Jumat 08 Feb 2019 01:00 WIB

Undang-Undang AS Soal Larang Boikot Israel Tuai Kritikan

Undang-undang tersebut dinilai bertentangan dengan kebebasan berbicara warga sipil.

Rep: Kamran Dikarma/ Red: Dwi Murdaningsih
Boikot produk Israel (ilustrasi).
Foto: muslimvillage.com
Boikot produk Israel (ilustrasi).

REPUBLIKA.CO.ID, WASHINGTON -- Senat Amerika Serikat (AS) telah mengesahkan undang-undang (UU) yang mendefinisikan kebijakan keamanan AS di Timur Tengah. Dalam UU tersebut, negara-negara bagian AS didorong untuk tidak menandatangani kontrak atau perjanjian dengan pihak-pihak yang mendukung gerakan boikot, divestasi, dan sanksi (BDS) terhadap Israel.

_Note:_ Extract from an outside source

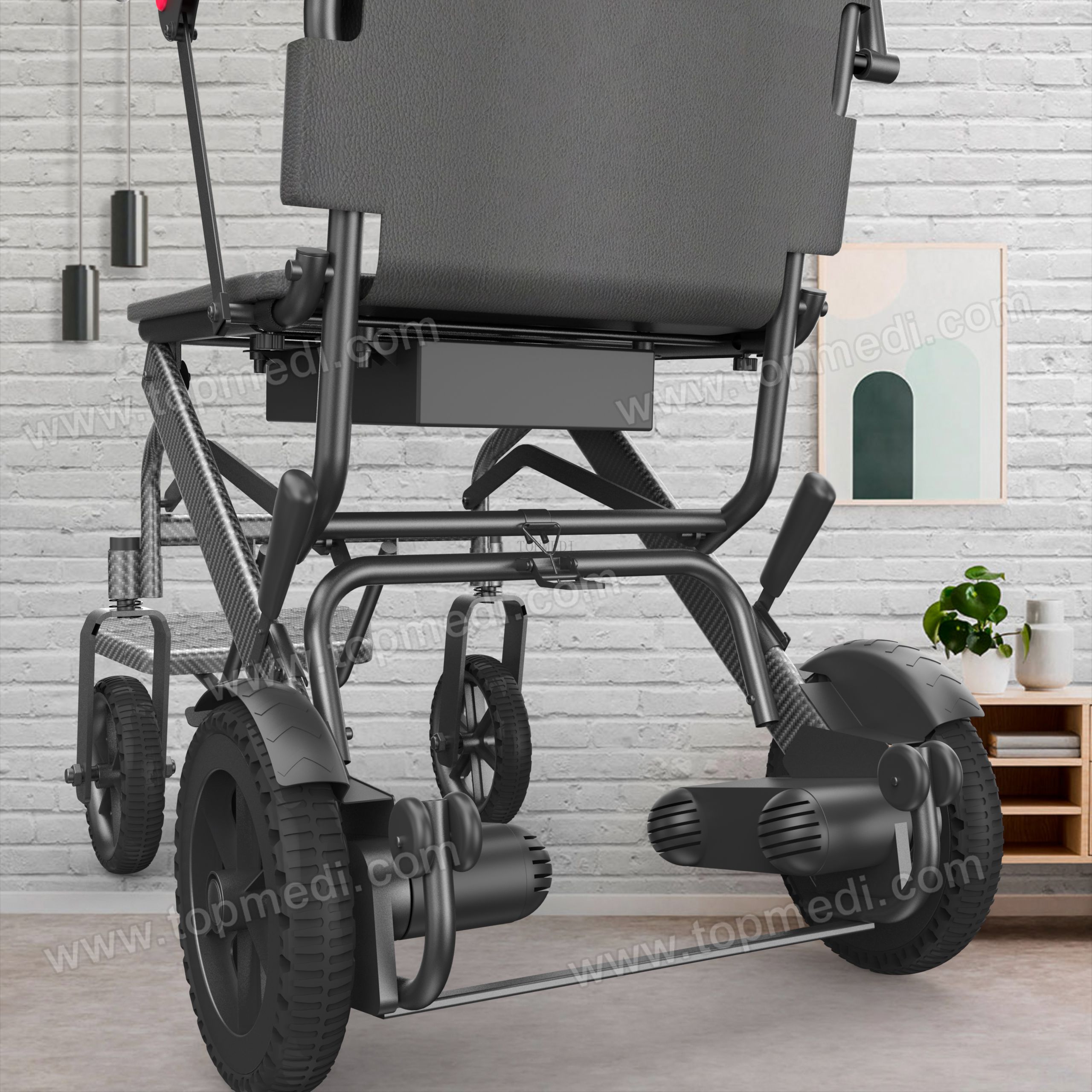 Detachable Handicapped Electric Wheelchair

UU ini menuai banyak kritik. Senator Rand Paul menentang dan mengkritik UU yang melarang gerakan BDS. Dia menilai, UU tersebut adalah kebalikan dari hak-hak kebebasan berbicara warga Amerika di bawah Amandemen Pertama Konstitusi.

"Negara kita didirikan berdasarkan konsep dan di tengah-tengah boikot besar. Pada saat itu, kita memboikot barang-barang Inggris dan paling khusus, teh Inggris," kata Paul menyinggung tentang sejarah berdirinya AS.

Menurutnya aksi boikot melekat pada identitas dan sejarah Amerika. "Tampaknya tidak ada yang lebih Amerika daripada memprotes, berselisih, dan memboikot," ujarnya.

"Yang menyedihkan hari ini adalah bahwa kita akan memperdebatkan apakah akan membatasi hak Amandemen Pertama untuk memboikot atau tidak, dan kita akan melakukannya karena sebagian besar badan ini tidak setuju dengan konsep tentang apa yang diboikot orang-orang," kata Paul.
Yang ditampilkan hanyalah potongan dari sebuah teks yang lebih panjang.